Altman sees industry unwilling to control costs - interview with Stuart H. Altman of the Prospective Payment Assessment Commission - interview

Healthcare Financial Management, April, 1991 by Richard L. Clarke

CLARKE: Is there anything on the horizon that might provide better data or better abilities to analyze the effect of these factors on costs?

ALTMAN: Perhaps. I think we have a better sense of what we're talking about today than when we started. But I don't think we will ever have a precise estimate. The policy that we have adopted over the last couple of years is that productivity improvements should more or less pay for the new technology. We're neither going to penalize hospitals for . . . what we expect to be their productivity advances, nor are we going to give them extra funds for new technology.

CLARKE: ProPAC and the ProPAC staff do quite a bit of analysis of the massive Medicare cost report database. Have there been any surprises for the commissioners or for you based on staff analyses of this information?

ALTMAN: What has probably been the major positive aspect of ProPAC is the ability of our staff to generate a detailed understanding of hospital behavior in a way that is relevant to policy. [We recently] demonstrated that if you look at profit margins only for PPS, you develop one set of winner and loser hospitals. But if you look at total margins, it almost reverses itself. It was a major finding. You could develop a rationale on why it was the case, but we were quite surprised by the total turnaround.
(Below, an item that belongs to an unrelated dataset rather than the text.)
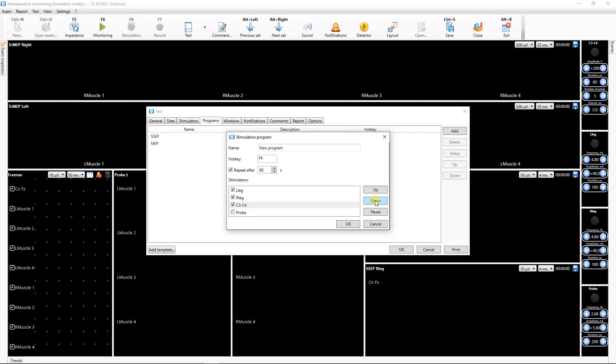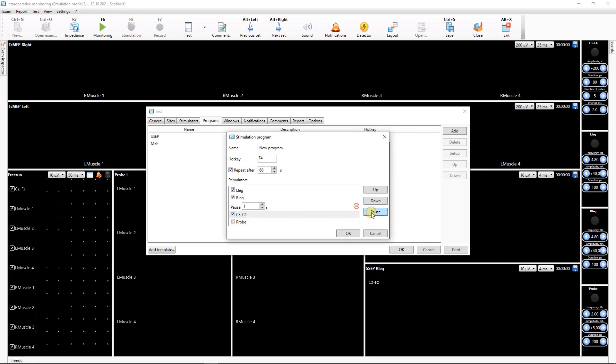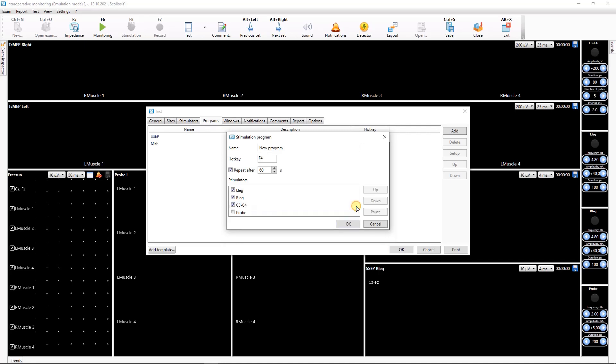Sometimes a pause in operation of two Stimulators is needed. To set the pause click the Stimulator before which the pause is required and press Pause button. Specify the desired pause duration in seconds in the appeared textbox. To delete the pause click the red cross in the Pause field.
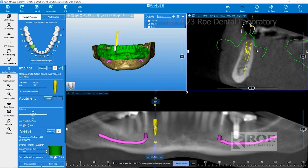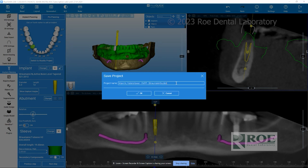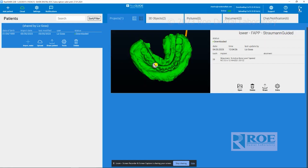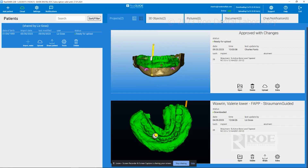Once you've made the changes you wanted and the plan is to your liking, come up here and save under a different title. In this case, it is saved as 'approved with changes.' Click OK, exit out, and then come down here and click this button to upload. This will upload it back to the planner you'll be working with to finish off the case.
CLARKE: Do you find the industry's concern about the deteriorating financial condition of hospitals to be valid, based on ProPAC staff analyses?

ALTMAN: I think it's fair to say that the data suggest that profit margins for hospitals have come down, both PPS margins and total margins. The issue is whether it is because of inadequate reimbursement or because of an inability or unwillingness of the hospital industry to gain control over its costs. [The greatest frustration] of PPS - if not the last eight years - is the fact that hospital costs just continue to go up almost as fast as before, on an inflation-adjusted per-admission or per-unit basis. The so-called discipline that we expected to come into the industry does not appear to have materialized.

What the hospital industry is asking the Medicare program, if not the American people, to do is to continue to essentially support it at rates of growth that were going on before PPS. And that's a tall order. Since Medicare has not been willing to provide such increases, many hospitals have gotten it, more or less, by pushing extra fees or prices onto those sectors of the system that have no leverage against hospitals. All you need to do is look at what's going on right now. We have an economy that is in very serious financial shape. Industry after industry is laying people off, cutting wages, cutting dividends . . . [but] the healthcare industry goes along almost oblivious to these economic problems.

CLARKE: Hospital executives might argue that many of the cost increases are not generally in their control. For example, the supply and demand of human resources, the cost of capital, the cost of technology, the demand for services, and the expedient demand and supply of those services are factors that people in the industry say are part of the reason why costs are running at a higher rate than perhaps they would expect or that they would like.